20m Out-of-School Children Alarm: FG Urged To Reform, Improve Almajiri System

… as state govt blamed for failure access UBEC funds

Federal and state governments have been urged to address the problems of out-of-school children through reforms and enrichment of the Almajiri system in Nigeria.

The call follows the alarming rise in the number of out-of-school children, which, according to a UNESCO report, stands at over 20 million people in Nigeria, and discontent over the failure of about 29 states of the federation to access N68 Billion Universal Basic Education Commission (UBEC) funds to upgrade facilities and provide basic needs in primary schools.

Speaking during the anti-corruption radio programme, PUBLIC CONSCIENCE, produced by PRIMORG, on Wednesday in Abuja, Education Officer, Almajiri Child Rights Initiative (ACRI), Abdulmalik Abdulrazak, stressed the need for all hands to be on deck if Nigeria must address problems of out-of-school children, adding that priority must be placed on educating Almajiri children.

Abdulrazak, while acknowledging that Almajiri children constitute the greater mass of out-of-school children in the country, called for more awareness and sensitization of parents to take advantage of the existing free education at the primary school level.

He queried what the recently established National Commission for Almajiri and Out-of-School Children is doing to ameliorate the problems. He added that the Almajiri system, which seeks to acquire Islamic knowledge, has metamorphosed into a social challenge.

Abdulrazak called on the government to thoroughly monitor and evaluate funds spent on developing the educational sector, alleging that public schools have been turned into “money-making centers” by some officials, urging the government to ensure there’s value for monies spent.

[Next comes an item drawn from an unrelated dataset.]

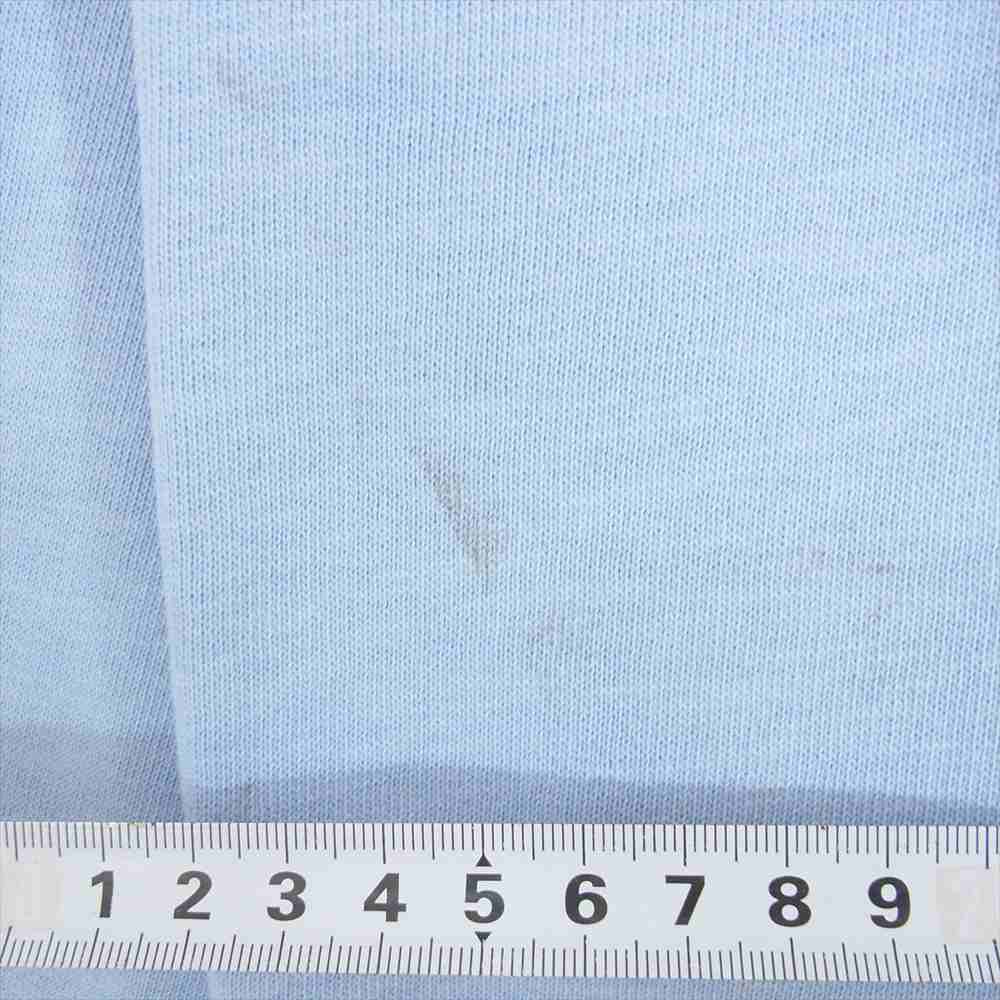POLO RALPH LAUREN ポロ・ラルフローレン 前V カレッジロゴ クルーネックリブ スウェット トレーナー ライトブルー系 LG【中古】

“Some state governors have made Almajiri and out-of-school children their top agenda, but more work still needs to be done.

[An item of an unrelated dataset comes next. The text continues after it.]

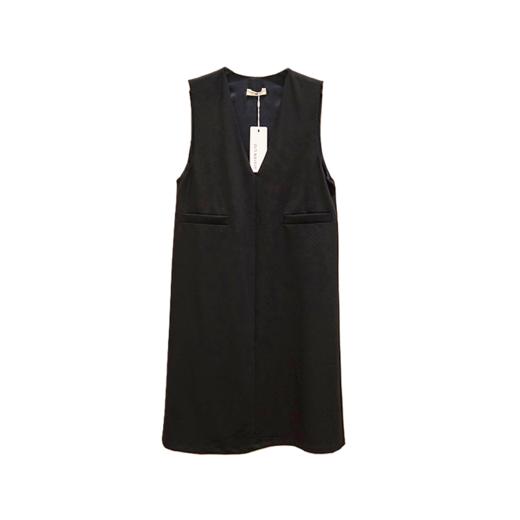 VIVIAN LIU薇薇安刘R2454101秋女装新款宽松中长款无袖背心马甲裙 商品图4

“The Almajiri Commission should kick start, and let’s see their activity. Most importantly, the public schools have been turned or reduced to money-making ventures for a few people. Budgetary allocations are being released monthly, and you see them running into their billions, and you see no sign of it in the classrooms,” Abdulrazak lamented.

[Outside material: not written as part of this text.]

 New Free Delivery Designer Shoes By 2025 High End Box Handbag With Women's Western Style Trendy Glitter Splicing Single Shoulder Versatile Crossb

He said, “The Almajiri system is an informal system of education. It has a lot to do with religious belief, doctrine and tradition. The system needs reform and enrichment because Almajiri children find themselves in terrible conditions.

“Parents often want to send their children to go and acquire religious education, but the environment is where the children find themselves and the persons whose tutelage they find themselves under is of concern. “

On the failure of states to utilize UBEC funds to improve primary education, Abdulrazak said the political will of leaders remains a major challenge, adding that political officeholders prefer to send their advisors and representatives than go to schools to have an on-spot assessment of the dilapidation of infrastructure in public schools.

On his part, Educationist and Programme Manager of the Center for Educational Empowerment and Orientation, David Crown Oyebisi, said the number of out-of-school children signals a risky future for Nigeria.

Oyebisi accused past and present administrations of making little effort to address the out-of-school children menace, adding that lack of passion for education and political will by state governments are responsible for the inability of some of them to access UBEC funds.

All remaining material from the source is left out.